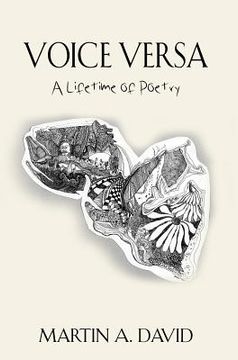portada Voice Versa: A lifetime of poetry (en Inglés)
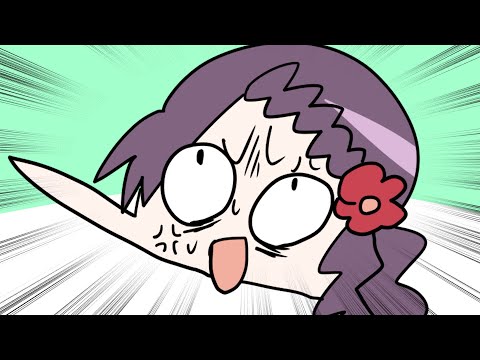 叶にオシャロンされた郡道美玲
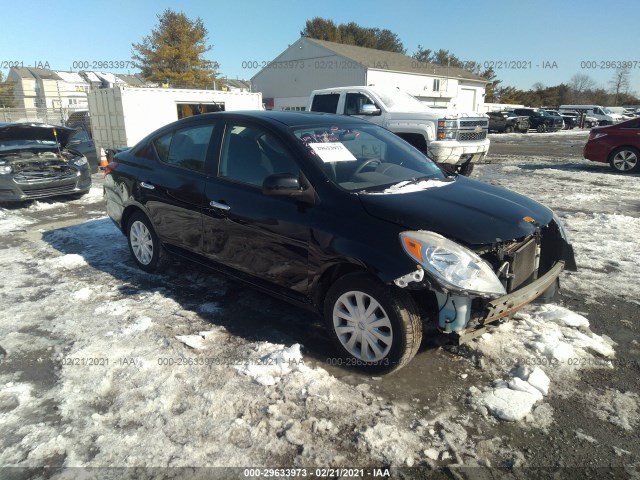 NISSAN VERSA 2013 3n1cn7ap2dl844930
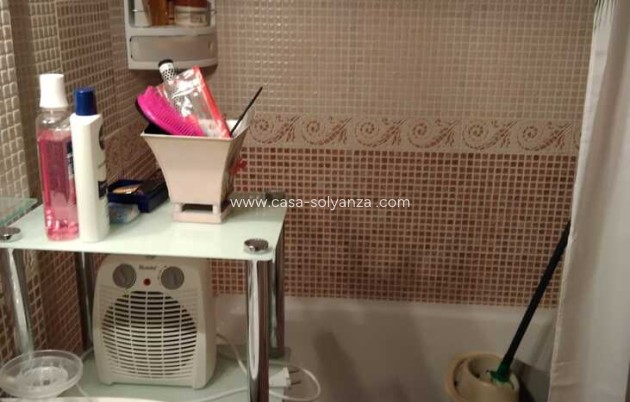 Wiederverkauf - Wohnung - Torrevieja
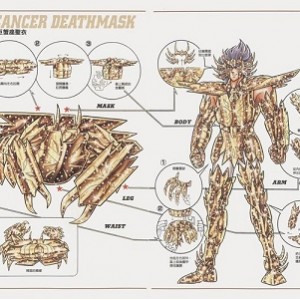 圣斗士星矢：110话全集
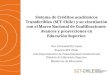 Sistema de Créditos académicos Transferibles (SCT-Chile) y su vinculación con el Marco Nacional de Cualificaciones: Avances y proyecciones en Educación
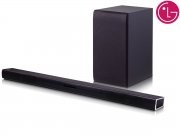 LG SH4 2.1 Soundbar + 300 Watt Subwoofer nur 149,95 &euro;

==

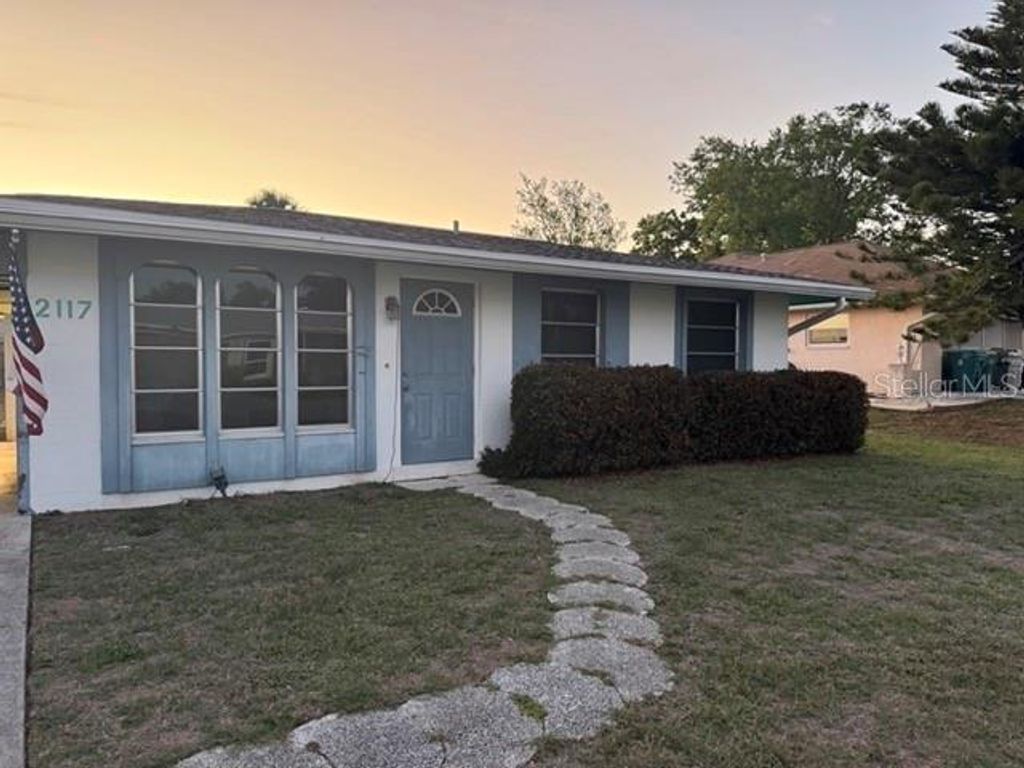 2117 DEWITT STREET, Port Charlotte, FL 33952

> [What the exercise asks]: Among the entries above, copy exactly the stretch from the line holding "NISSAN VERSA 2013 3n1cn7ap2dl844930" through the line holding "Sistema de Créditos", leaving out any pictures.

> [Exercise solution]:
 NISSAN VERSA 2013 3n1cn7ap2dl844930
 Wiederverkauf - Wohnung - Torrevieja
 圣斗士星矢：110话全集
 Sistema de Créditos académicos Transferibles (SCT-Chile) y su vinculación con el Marco Nacional de Cualificaciones: Avances y proyecciones en Educación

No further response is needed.